The potential misuse of algorithms has garnered increased attention recently. In May, the White House published a report warning about the downsides of big data. For instance, the algorithm that suggests a credit score for an applicant with no credit history might draw on that person's phone bills or social media connections; but it could also create greater disparities between communities by providing a lower credit score to applicants who share attributes with other low-credit customers, such as shopping at the same grocery store.
Especially when algorithms are making decisions that could have major social impacts, "humans are considered to be an 'input' to the process and they are not seen as real, thinking, feeling, changing beings," the report said. Experts agreed this system creates a "flawed, logic-driven society and that as the process evolves—that is, as algorithms begin to write the algorithms—humans may get left out of the loop, letting the robots decide.'"
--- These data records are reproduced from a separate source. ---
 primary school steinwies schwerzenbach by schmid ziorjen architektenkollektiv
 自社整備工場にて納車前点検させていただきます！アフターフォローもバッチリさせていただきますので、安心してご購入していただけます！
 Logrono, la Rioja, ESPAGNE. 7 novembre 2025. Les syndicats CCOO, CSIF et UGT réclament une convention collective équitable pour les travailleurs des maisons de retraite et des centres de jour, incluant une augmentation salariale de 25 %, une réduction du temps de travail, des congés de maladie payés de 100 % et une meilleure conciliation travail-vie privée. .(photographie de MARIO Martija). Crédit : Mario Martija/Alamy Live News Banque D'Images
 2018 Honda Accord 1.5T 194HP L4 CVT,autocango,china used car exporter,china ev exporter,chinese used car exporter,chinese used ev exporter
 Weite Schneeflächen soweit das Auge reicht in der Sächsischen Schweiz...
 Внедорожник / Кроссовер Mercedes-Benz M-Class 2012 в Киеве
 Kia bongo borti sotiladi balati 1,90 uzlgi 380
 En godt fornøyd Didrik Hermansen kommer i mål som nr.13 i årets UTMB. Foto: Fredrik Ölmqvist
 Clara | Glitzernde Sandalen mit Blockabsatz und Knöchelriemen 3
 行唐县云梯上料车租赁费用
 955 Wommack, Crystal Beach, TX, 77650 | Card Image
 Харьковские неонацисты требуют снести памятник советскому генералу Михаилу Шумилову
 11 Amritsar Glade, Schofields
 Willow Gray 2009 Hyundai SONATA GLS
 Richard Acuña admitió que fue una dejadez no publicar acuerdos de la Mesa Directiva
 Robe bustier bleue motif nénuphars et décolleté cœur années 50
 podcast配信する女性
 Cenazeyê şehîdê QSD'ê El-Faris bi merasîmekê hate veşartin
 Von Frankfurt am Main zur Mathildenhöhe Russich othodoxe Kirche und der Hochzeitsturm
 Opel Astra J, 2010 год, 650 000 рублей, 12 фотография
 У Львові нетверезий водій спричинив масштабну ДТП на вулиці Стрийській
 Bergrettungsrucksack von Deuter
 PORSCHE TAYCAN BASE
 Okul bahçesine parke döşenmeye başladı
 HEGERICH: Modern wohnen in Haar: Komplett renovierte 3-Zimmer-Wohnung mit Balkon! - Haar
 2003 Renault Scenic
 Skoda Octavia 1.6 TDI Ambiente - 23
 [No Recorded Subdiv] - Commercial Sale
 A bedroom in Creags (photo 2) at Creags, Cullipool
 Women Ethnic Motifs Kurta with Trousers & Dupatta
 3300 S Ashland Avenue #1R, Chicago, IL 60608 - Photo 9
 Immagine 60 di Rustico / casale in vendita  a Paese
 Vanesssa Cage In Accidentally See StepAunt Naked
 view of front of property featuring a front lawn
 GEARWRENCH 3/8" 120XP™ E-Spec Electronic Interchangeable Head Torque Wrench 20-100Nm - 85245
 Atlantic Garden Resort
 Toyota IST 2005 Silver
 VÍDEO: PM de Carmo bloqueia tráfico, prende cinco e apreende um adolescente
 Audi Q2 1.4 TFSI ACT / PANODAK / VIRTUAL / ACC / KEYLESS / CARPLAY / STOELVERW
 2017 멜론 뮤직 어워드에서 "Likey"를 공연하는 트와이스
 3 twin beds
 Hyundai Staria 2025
The Pew report pointed to Microsoft's recent Twitter experiment—in which a bot named Tay was instructed to communicate with other users and to learn from their behavior, but quickly began spouting racist and sexist messages—as another example of algorithms going awry.
A lack of diversity in the tech workforce could be reinforcing biases coded into algorithms, at least one expert thought.
Across industries, "algorithms will be primarily designed by white and Asian men—with data selected by these same privileged actors—for the benefit of consumers like themselves," wrote Justin Reich, executive director at the MIT Teaching Systems Lab. "The harms of new technology will be most experienced by those already disadvantaged in society, where advertising algorithms offer bailbondsman ads that assume readers are criminals, loan applications that penalize people for proxies so correlated with race that they effectively penalize people based on race and similar issues."
One expert suggested countering these challenges by creating a "Food and Drug Administration for Algorithms" that could involve a "pre-market review to prevent—without stifling innovation—the introduction of unacceptably dangerous algorithms into the market," researcher Andrew Tutt said in that report.
Pew conducted the research with Elon University's Imagining the Internet Center.